En vérité, monsieur, je vois tous ces gens-ci bien gênés, bien contrariés, et pour avoir le plaisir de dire du mal d'un roi et lui couper la tête quand ils en ont envie, je ne les en vois pas moins en proie aux mêmes passions qu'ailleurs. Ils sont d'une inconséquence qui ne resemble à rien. Pourquoi se pendre quand on a les plus belles femmes, le meilleur fruit, des jardins publics, une rivière charmante et des campagnes agréables? En vérité je ne leur passe seulement pas d'être tristes.

J'aime bien mieux qu'on me prouve gaiment que tout va mal, que des Pope, des Bolingbroke et des Schafftsbury qui prétendent tristement que tout va bien.

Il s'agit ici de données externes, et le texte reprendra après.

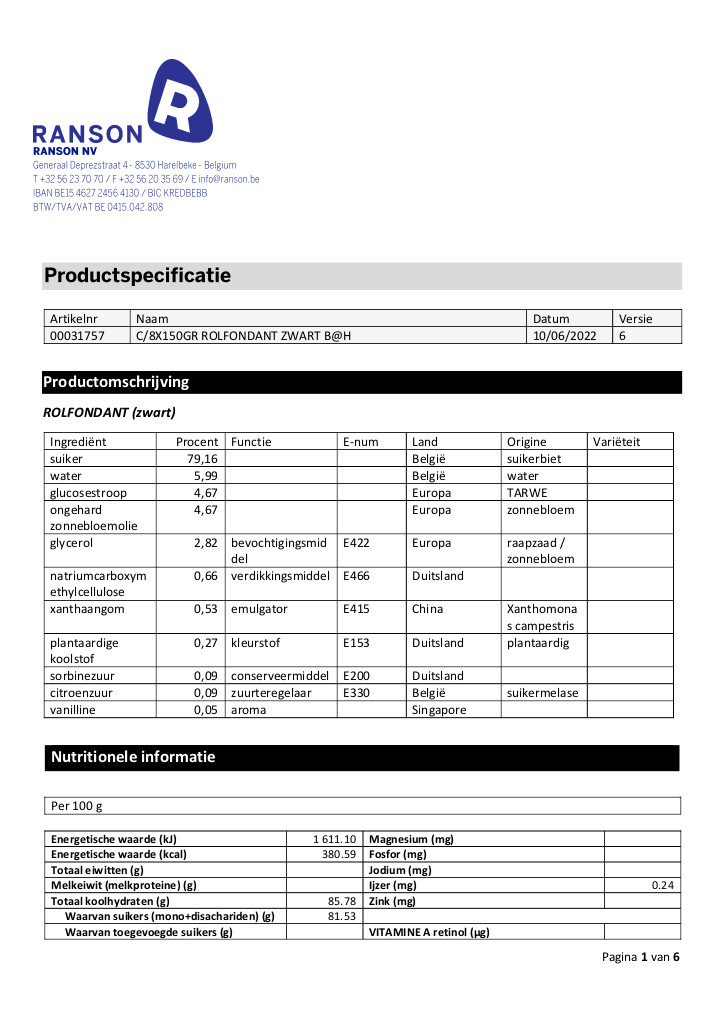 Rolfondant - zwart 150g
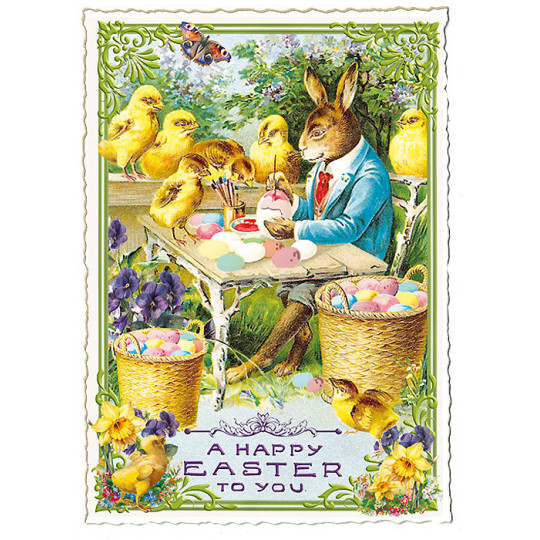 Bunny Painting Eggs with Chicks Easter Postcard ~ Germany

La mine de leurs successeurs m'annonce qu'ils ont eu tort.

Je ne le crois, monsieur, que lorsque j'ouvre les livres dont vous me parlez. J'y trouve une philosophie si rassurante! J'y trouve la même que cet homme admirable nous enseignait avant que je fusse au monde, et que j'ai appris depuis que j'ai su lire.

…Ni que ce dieu créateur des humains
Se plaise à déchirer l'ouvrage de ses mains.

J'ai affermi mon âme dans le temps que tout le monde cherchait à y semer le malheur et l'alarme. Je trouve toujours les mêmes principes. Jean Mêlier pense comme St Louis pensait il y a plus de quarante ans. Et c'est celui qui les fait si bien penser, qui marie des filles, qui rend l'honneur, qui confond l'injustice et qui, comme je dis toujours, donne de l'esprit aux uns et du pain aux autres.

Voilà ce que j'ai mis l'autre jour sous l'un de ses portraits, car j'en ai plusieurs. Il y vaut encore mieux de la bonne prose comme cela, que de mauvais vers dont tout le monde se mêle.

Nous n'avons eu que le 1er , le 3e et le 5e chant de la Géneviade. Cet ouvrage a fait rire les milords hypocondriaques. Ils ont reconnu celui

Qui voyageait tout excèdè d'ennui,

ils s'y sont reconnus et en ont ri avec moi.

Parmi tous les Anglais pleins de la considération qui est due à l'auteur des mélanges de littérature et de philosophie je ne dois pas oublier M. Walpole, qui m'en parle très souvent et avec qui je fais des vœux pour sa santé, en admirant sa gloire.

Je vous demande pardon, monsieur, de vous parler un peu trop lestement des Anglais. Vous les trouvez fidèles dans leurs escomptes, c'est tout ce qu'il vous faut à vous, dans vôtre mêtier.

Les banquiers à qui j'ai eu affaire ne se sont pas toujours si bien trouvés de moi, mais il est aisé d'être honnête quand on est riche; c'est quand on est pauvre qu'il est difficile de l'être. Lorsque ces gens-ci le sont, on sait la petite guerre qu'ils font aux voyageurs, mais je le leur pardonne en faveur de plusieurs beaux procédés, et même très plaisants de leur part.

En tout cas je suis toujours prêt à quitter mon opinion dès que j'en trouve une meilleure. Mon jugement sera toujours soumis au vôtre. Les banquiers ont de bonnes têtes; je m'en rapporterai toujours à eux.

Hélas! oui, monsieur, on a été déranger les amours d'un Flamand et d'une Flamande, nos deux gouvernements ne croyant pas apparemment que des Flamands soient faits pour les amours.

Votre gouvernement genevois est bien puni de n'aimer ni les ris ni les jeux. Je m'intéresse à la petite république si elle sent le bonheur d'être voisine de Ferney.

Qu'on y aille en pélerinage, on s'en trouvera mieux que des autres temples où l'on perd son temps, même à celui de la Mecque.

Si vous connaissez, monsieur, la nièce de m. de Voltaire, made Denis, ayez la bonté de lui présenter mes respects et de vous persuader que je suis capable de tous les sentiments que vous inspirez, oui, monsieur, de la vénération, de l'attachement, tout ce que mérite enfin l'homme qui fait honneur à l'homme.

Je finis en vous priant de ne point m'oublier dans vos prières et dans votre commerce.